Of the 18 entrants, Francesco Cappelletti did not start the race and officially withdrew on 5 July. He plans to sail around the world independently and the race organisers are tracking his progress. Ertan Beskardes retired on 5 July, after deciding that being unable to communicate with his family removed the enjoyment from the race. Kevin Farebrother retired on 15 July at the Canary Islands mark, after becoming disillusioned by solo sailing and lack of sleep. Two days later, Nabil Amra retired at the same area on 17 July due to broken windvane gear. Antoine Cousot stopped at the Canary islands to repair his windvane gear, demoting him to the 'Chichester' class (one stop). Istvan Kopar put in to the Cape Verde islands on 23 July, planning to replace his windvane, but in the event proceeded without assistance.

Antoine Cousot retired at the end of August due to a broken windvane and injuries. Philippe Péché made one stop ('Chichester' class) on 11 August following the failure of his tiller, but retired from the race two weeks later on 25 August.

Are Wiig was dismasted on 17 August 400 nautical miles off Cape Town.

Abhilash Tomy was dismasted and injured on 22 September. Gregor McGuckin elected to abandon his boat after being dismasted and was rescued with Abhilash.

On 5 December 2018, Susie Goodall's boat was pitch-poled (flipped end-over-end), dismasted, and swamped during a storm while in the Southern Ocean around 2000 nmi west of Cape Horn. She was rescued by the cargo ship Tian Fu on 7 December.

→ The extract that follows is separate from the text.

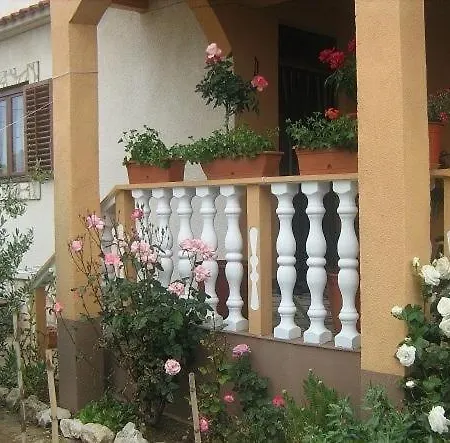 In With Terrace, Air Conditioning, Wi-fi Apartmán Nin
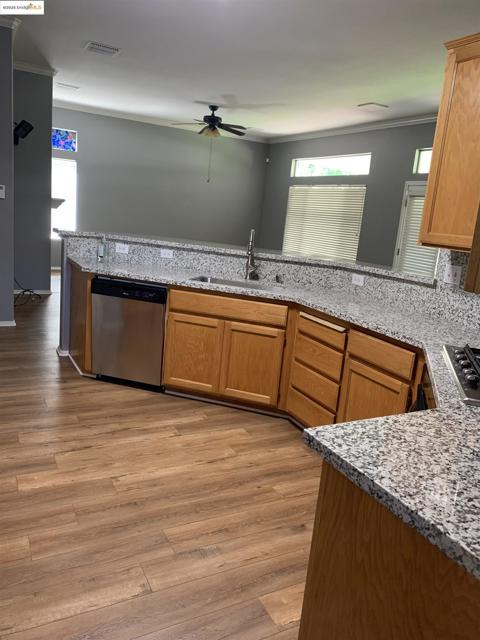 651 Wildrose Way, Brentwood CA: https://media.crmls.org/mediaz/fdc78fcd-4bbf-4356-9826-b9a9b654f071.jpg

| Sailor | Cape of Good Hope | Storm Bay Tasmania gate | Cape Horn | Finish |
| FRA Jean-Luc Van Den Heede | 23 August | 5 October | 23 November | 29 January |
| NED Mark Slats | 27 August | 21 October | 2 December | 31 January |
| EST Uku Randmaa | 31 August | 27 October | 19 December | 10 March |
| USA Istvan Kopar | 9 September | 4 November | 1 January | 21 March |
| FIN Tapio Lehtinen | 9 September | 7 November | 6 February | 19 May |
Retired (in order of retirement)
| ITA Francesco Cappelletti | Did not start, officially retired 5 July 2018 |  |  |  |  |
| GBR Ertan Beskardes | Retired on 5 July 2018 due to inability to communicate with his family. Put in to A Coruña. |  |  |  |  |
| AUS Kevin Farebrother | Retired on 15 July 2018, 'disillusioned by solo sailing and lack of sleep' |  |  |  |  |
| Palestine Nabil Amra | Retired on 17 July 2018 due to broken windvane, put in to Tenerife |  |  |  |  |
| FRA Antoine Cousot | Retired on 24 August 2018 due to broken windvane and injuries |  |  |  |  |
| FRA Philippe Péché | Retired on 25 August 2018 due to broken windvane, put in to Cape Town |  |  |  |  |
| NOR Are Wiig | Retired on 27 August 2018 after capsizing and dismasting while repairing his windvane |  |  |  |  |
| IND Abhilash Tomy | Retired on 24 September 2018 after dismasting near Île Amsterdam |  |  |  |  |
| IRE Gregor McGuckin | Retired on 24 September 2018 after dismasting near Île Amsterdam |  |  |  |  |
| FRA Loïc Lepage | Retired on 21 October 2018 after dismasting 600 miles south-west of Perth (was already in 'Chichester' class) |  |  |  |  |
| GBR Susie Goodall | Retired on 5 December 2018 after dismasting 2000 miles west of the southern tip of South America |  |  |  |  |
| AUS Mark John Sinclair | Retired on 12 December 2018, put in to Adelaide on 5 December for haulout due to severe barnacle/mussel growth, and with issues with fresh water, and concerned he would reach Cape Horn too late in the season. In December 2021, Sinclair left Adelaide to sail to the UK to 'complete' the 2018 race, and compete in GGR2022. |  |  |  |  |
| RUS Igor Zaretskiy | Retired |  |  |  |  |

== Golden Globe Race 2022 ==

2022 race logo

The 2022 edition of the Golden Globe Race started on 4 September 2022 from Les Sables-d'Olonne in France. Like in 2018, the solo-sailors gathered for the SITraN Prologue, starting 14 August 2022, before sailing to Les Sables-d'Olonne for the GGR Race Village.